I have the same problem. Did you try the version 2.13.0.pre/d761dfe1 in production?
Hey guys, We are experiencing the same problem. Did you find the underlying cause of the issue? Does upgrading sneakers to 2.13.0.pre solve the problem?
@tomlobato Did you also update Bunny to version 2.22.0 when you upgraded sneakers to version 2.13.0.pre and when the issue was resolved? Because there were a couple of fixes in Bunny gem which might be the fix:
@jondot @michaelklishin Is there an ETA for the release of 2.13.0.pre? Thanks
Hi Guys, actually 2.13.0.pre didnt fully fixed the issue. I still need to do more tests to find a set of versions and configuration to have it working. For now, I`ve disabled the automatic kubernetes upgrades. So, after a manual upgrade, I restart the workers manually.

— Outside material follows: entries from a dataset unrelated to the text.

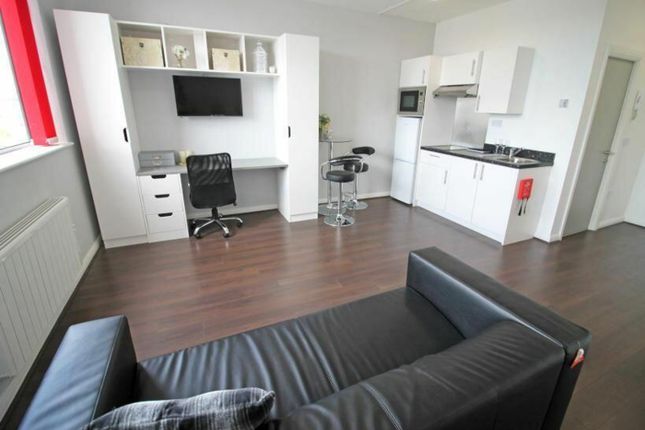 This Stylish Double Bedroom Features A Cozy Seatin...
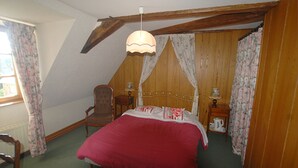 A bedroom with a wooden ceiling, a bed with a red bedspread, a chair, a nightstand with a lamp, and floral curtains. - --Standard room-- (launay blot)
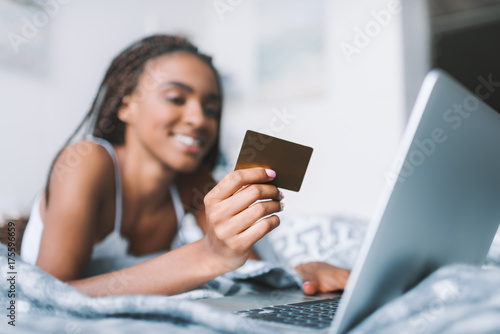 woman making e-shopping in bed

I am using sneakers 2.12.0 (bunny 2.20.2) with a Rabbitmq 3.10.6 cluster in Kubernetes, connecting to the headless service.
When Rabbitmq servers restarts (via k8s stateful-set rollout or k8s cluster version upgrade), the consumers are able to recover the connection but does not recreate the previously existing channels, so unable to process the messages.
If testing the same scenario but directly with Bunny, without sneakers, it recreates the channels as expected. I have tested with a single thread worker and multiple threads. I have tested with classic and quorum queues.
Below is the debug logs from the moment the server sends the shutdown to sneakers consumer.
I would be very grateful if someone have any pointer to fix/understand/further debug this situation.